The Grind of the Creative Process

At its heart creativity is a process; a never-ending, invigorating and heart-breaking process. Creativity has many starts, stops, and pivots. This is exactly why we are passionate about it; for ourselves and for others. It is not reserved for only the artist, designer or craftsperson; everyone has the need and ability to be creative in their own unique practice; to fully engage their mind and body in an act of making. In this post I wanted to share my personal view the creative process. I hope anyone that creates can relate to this process, even if it is not exactly their own. I usually go through roughly four stages of development as I am creating. I believe these stages occur in a “macro” sense over the course of a lifetime, and in a “micro” sense throughout a project or even a single day. I cycle through these stages repeatedly, one round building on the last. It becomes the rhythm of my creative process.

1- Brute Force.

Starting is always difficult for me, others seem to agree that it can the hardest and most intimidating part of the whole process. That is why I find brute force such an effective way to start. Just getting in there and making something happen gets me moving and gives me that much needed momentum. At this point I can run with the vaguest sense of what I want to do without being distracted by control, details, or other's demands. I call it brute force because I am forcing it out of me; I am willing it into being by sheer effort. Criticism is a killer at this stage, especially self criticism. Once I begin to second guess what I am doing or why I am doing it there is no where to go but down. I have to guard myself against myself; just run with whatever I have and trust that something useful will be uncovered.

2- Destruction.

The next stage is the time to be critical. This is where I poke holes, test, and destroy whatever I have made so far. Maybe this is better described as deconstruction, but it certainly can be destructive. This is when I step back, walk away and pick the work and ideas apart. The wisdom and skill to know when and how to enter into this stage is what I think makes a mature and skilled maker. I encourage you to go easy on yourself at first, as you get comfortable in this process you can become ruthless, but give yourself time. You have to stay strong and focused during this stage too. Do not allow yourself to become disheartened. Your critiques and testing should spur you on and challenge you, not shut you down. You might be surprised how close these two things are at times.

3- Rebuilding.

After I have picked my work apart it is time to rebuild. This can be an exciting and obsessive moment. Things start to come together in new and hopefully better ways.
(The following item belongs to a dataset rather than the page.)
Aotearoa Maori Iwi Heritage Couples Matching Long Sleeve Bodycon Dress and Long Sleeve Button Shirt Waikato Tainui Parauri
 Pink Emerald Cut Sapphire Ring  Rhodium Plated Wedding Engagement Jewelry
This is the stage that the work starts to take on a life of its own changing from my original intention and this is alright. My initial idea or inspiration was just that, an idea; I am wanting to make something real and tangible, something more than an idea and that requires adaptation and transformation. Ideas are cheap and romantic, creation is hard earned. I want to be in control, but hold on loosely. I try to let the material, form and process direct me as much as my original idea.

4- Refinement.

The rebuilding stage flows seamlessly into the refinement stage. I slowly start to dive into smaller and more finite considerations. My piece hopefully starts to come alive with the layers of attention and detail. Fear can start to creep in again at this point because I have put so much work into it at this point; the last thing I want to do is to ruin it by overworking. I had a professor in school that would always encourage us by saying, “It’s looking good. Now don’t screw it up.” And she was right. As a student just learning and exploring what it was to make, I inevitably would go too far and wreck it. But honestly, that’s the point of school and training right? As a student my job was to find those boundaries and learn when to call it quits and sometimes that involves going too far. Knowing when to stop really becomes the defining point of the piece. This decision more than any other determines what the world sees. This crucial skill only comes from experience. And experience comes from bad decisions.

If we walk this road enough times we can become really good, but we shouldn’t think the cycle ever really stops. Nor should we want it to. When I do stop going through this process I usually get bored and know that it is time to move on to something else. And this is fine, great even. I encourage you to find that thing that excites you enough to endure this cycle, because it is tough but in the end it gives us such a rich life; a life capable of cultivating life. And who doesn’t want that?